Yesterday I had the most honest conversation I’ve ever had in my life and I’m surprised I still remember every detail of it.
I realized for sure this is the kind of space I’d want to create for myself. It makes me breathe freer and I feel growth within whenever I leave such spaces.
I’m trying to have this with the people in my close circle and not even compromise on how to satisfy my soul . Yesterday I realized the possibilities were truly possible. I figured I was worthy and I truly have soul and something special within myself.
I wondered all the ways I’ve starved myself from feeling happy and always scared of losing people.
I realized I’ve not been growing to be sufficient for myself. I’ve been growing to fit someone into my life.
Growing to be sufficient for self should be the main goal to strive towards.

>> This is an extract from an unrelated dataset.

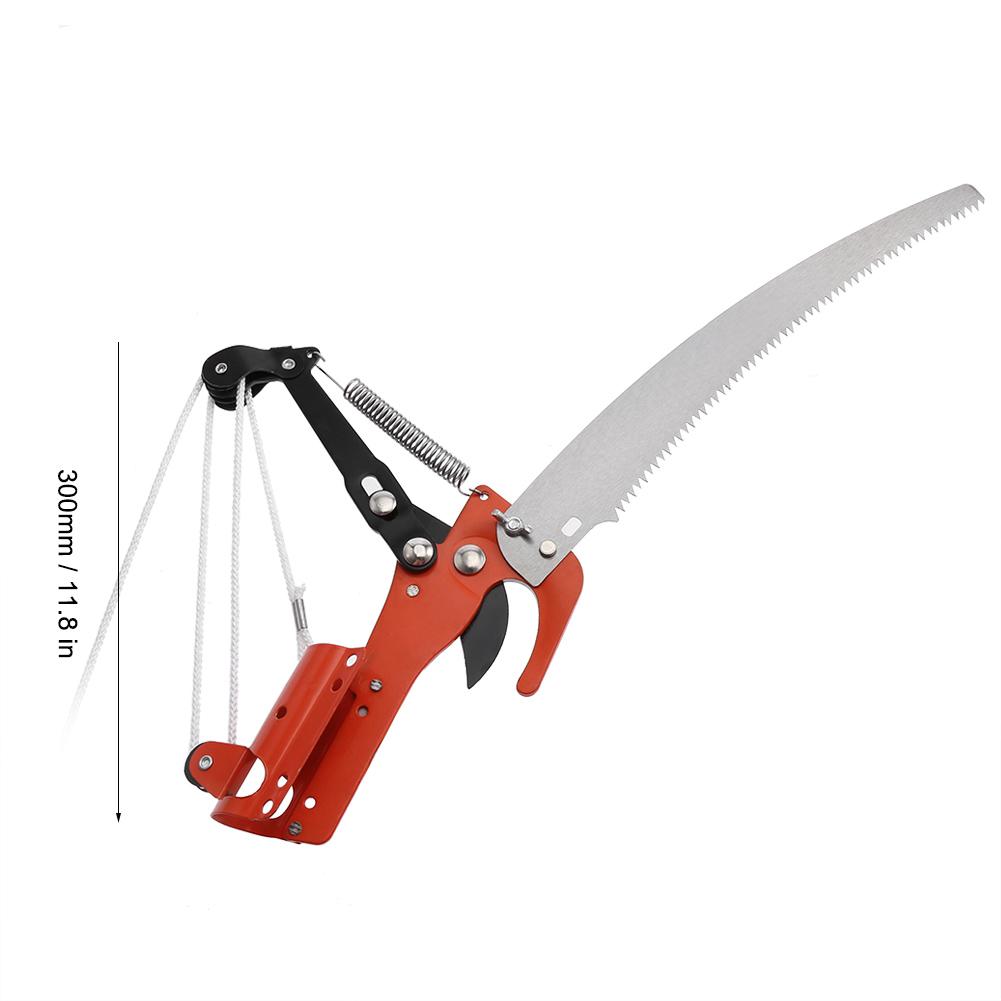2 In 1 Outdoor High Branch Scissors Pruning Shears Garden Tools (Scissor Saw, No Rod)
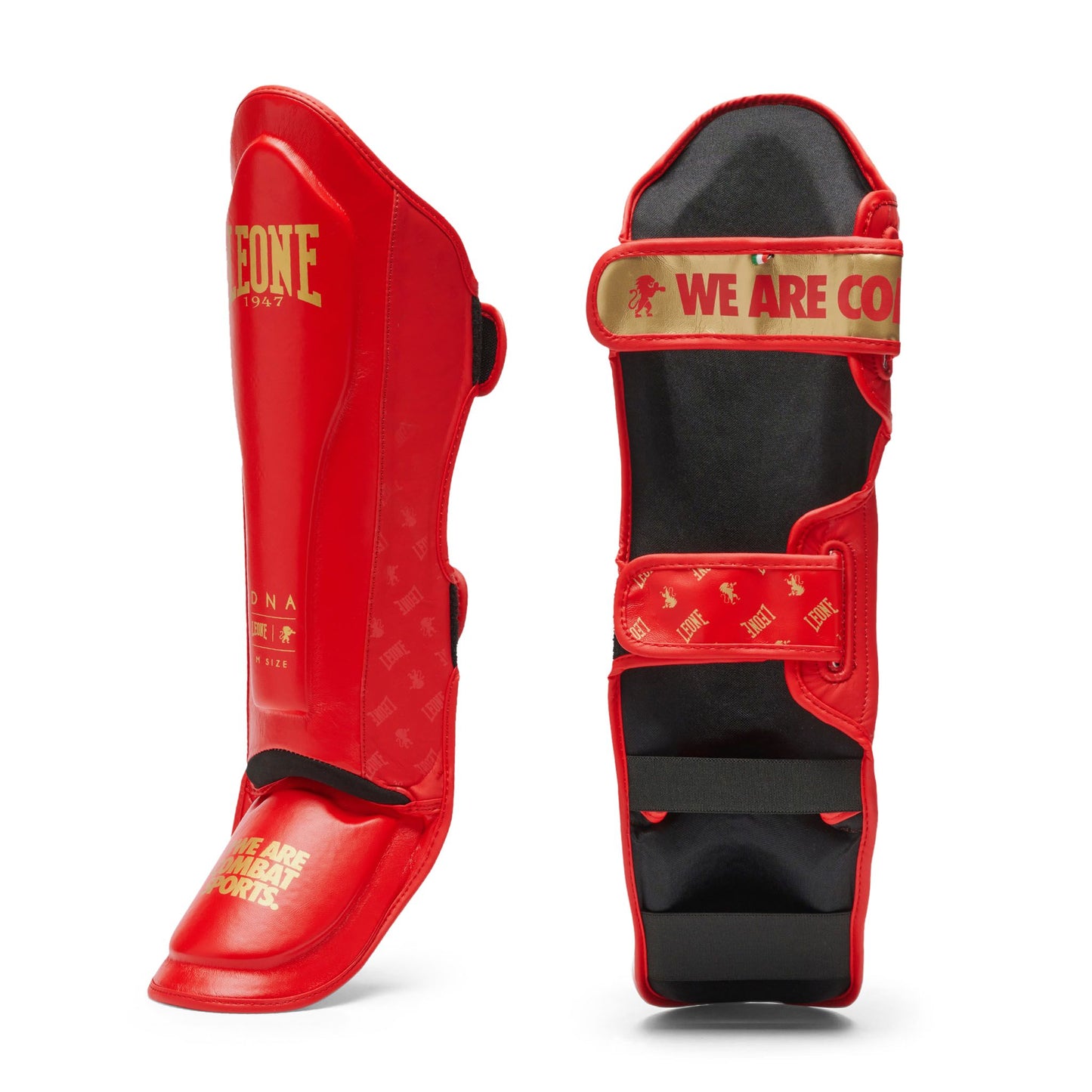 Espinilleras Leone DNA GEL rojo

The helplessness that comes from having all these expectations from people to hold you in a warm way and they letting you down is one that shatters the heart.
I figured I wouldn’t want to subject myself under that anymore.
This isn’t to say I’m totally blocked off from having someone intimately in my life but all I’m saying is, that isn’t the focus for me right now.
I need to learn to sit in silence with myself and enjoy myself in ways no one have.
I need to fuel my passions well and allow my heart to leap with joy.
I need to learn to be kind to myself and say very comforting things to myself and sink in the thought that I really cherish myself.
I need to be gentle with myself and to get to know all the varied ways that make me happy. Knowing myself holistically will definitely be the greatest feat and I’m ready for it.